This disclosure relates generally to data processing and, more particularly, to hierarchical data archiving.
The approaches described in this section could be pursued but are not necessarily approaches that have previously been conceived or pursued. Therefore, unless otherwise indicated, it should not be assumed that any of the approaches described in this section qualify as prior art merely by virtue of their inclusion in this section.
A traditional file system typically maintains only the latest version of its files. If a user wishes to maintain multiple versions of the same file, the user may store them manually. The clean-up of the unneeded intermediary versions is also performed manually. Maintaining multiple versions of a file in a traditional file system can be resource-expensive.
Various software solutions have been developed to maintain multiple file versions of file systems based on predetermined time criteria so that the entire file system is backed up at predetermined times. This approach may be computationally expensive.
There are also versioning solutions which allow storing files once they are modified, rather than on the time basis. Such versioning solutions provide for existence of several versions of the same file at the same time. However, traditional versioning solutions archive previous versions of files on a separate resource which is not part of the global namespace associated with the current version. Thus, if a user needs to access an older version of a file, a file system administrator may use his tools and credentials to manually search through archives located on a separate resource, which makes the use of such versioning solutions cumbersome.
This summary is provided to introduce a selection of concepts in a simplified form that are further described in the Detailed Description below. This summary is not intended to identify key features or essential features of the claimed subject matter, nor is it intended to be used as an aid in determining the scope of the claimed subject matter.
According to an aspect of the present disclosure, a method is provided for maintaining a file versioning system. The method may comprise determining, by one or more processors, that a modification to a file system has been made. Based on the determination, the method may perform, by the one or more processors, a snapshot of the file system. Further, the method may include virtually linking, by the one or more processors, the snapshot to at least one of a plurality of predecessor snapshots. The method may also include dynamically discarding, by the one or more processors, one or more snapshots of the plurality of predecessor snapshots based on one or more predetermined criteria.
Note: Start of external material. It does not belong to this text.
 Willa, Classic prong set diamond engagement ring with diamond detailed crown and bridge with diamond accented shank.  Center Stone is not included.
In certain embodiments, the modification of the file system may include a modification to an existing file, creation of a new file, deletion of an existing file, and, similarly, a modification of an existing folder, creation of a new folder, deletion of an existing folder, or any other modifications to a file system. In various embodiments, the snapshot of the file system taken based on a modification may include the state of the file system at a particular point of time associated with the modification. Each snapshot may include the modified file or folder (or newly created file or folder) as well as information concerning the file system as a whole. When there is a need for a user to save multiple versions of a particular file or folder, the present disclosure provides for automated storing of such file or folder versions so that they can be searched by the user in an easy and efficient manner.
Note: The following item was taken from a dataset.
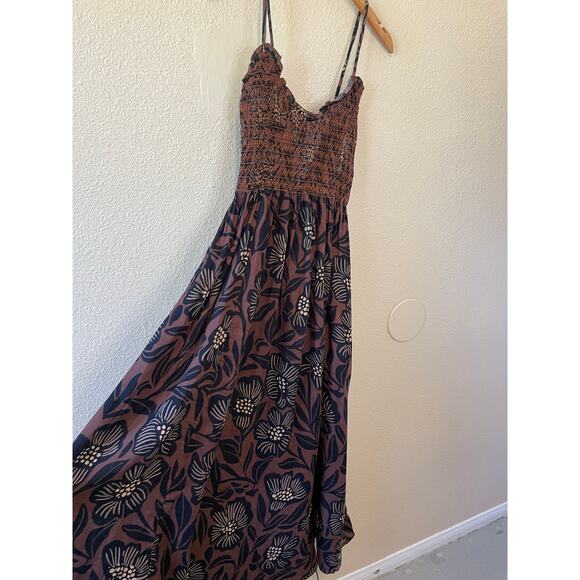 Free People Sweet Nothings Midi Boho Floral Smocked Top Spaghetti Strap Dress XS - Picture 16 of 16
In certain embodiments, every time a new snapshot of the file system is taken, the newly taken snapshot may be virtually linked to the immediate predecessor snapshot. The virtual linking may include a reference, a link, a file path, or any other information suitable for cross-referencing snapshots. In certain embodiments, the snapshots are linked in a time-ordered manner. In certain embodiments, all snapshots are stored and none are deleted. Furthermore, in certain embodiments, the snapshots, and the file versioning system in general, are associated with the file namespace presented to a user.
In certain embodiments, the present technology may use garbage collection or “thinning out” processes to dynamically discard intermediate snapshots that are deemed to be of lesser value based on a predetermined thinning out criteria. Assessment of snapshot value may be based upon timing information. In certain embodiments, the snapshots can be thinned out based on time, such that all recent snapshots (e.g., taken within the last hour) are kept and only a predetermined number of older snapshots, depending on the time period (e.g., taken more than 24 hours ago but less than 48 hours ago), is kept. Accordingly, snapshots can be thinned out as they become older. If a snapshot is no longer maintained (thinned out) by the system, the snapshot following the thinned out snapshot can be re-linked to the snapshot immediately preceding the thinned out snapshot.
In further example embodiments of the present disclosure, there is provided a file versioning system configured to implement the method steps. In yet other example embodiments of the present disclosure, the method steps are stored on a machine-readable medium comprising instructions, which when implemented by one or more processors perform the recited steps. In yet further example embodiments, hardware systems or devices can be adapted to perform the recited steps. Other features, examples, and embodiments are described below.
Embodiments are illustrated by way of example, and not by limitation, in the figures of the accompanying drawings, in which like references indicate similar elements.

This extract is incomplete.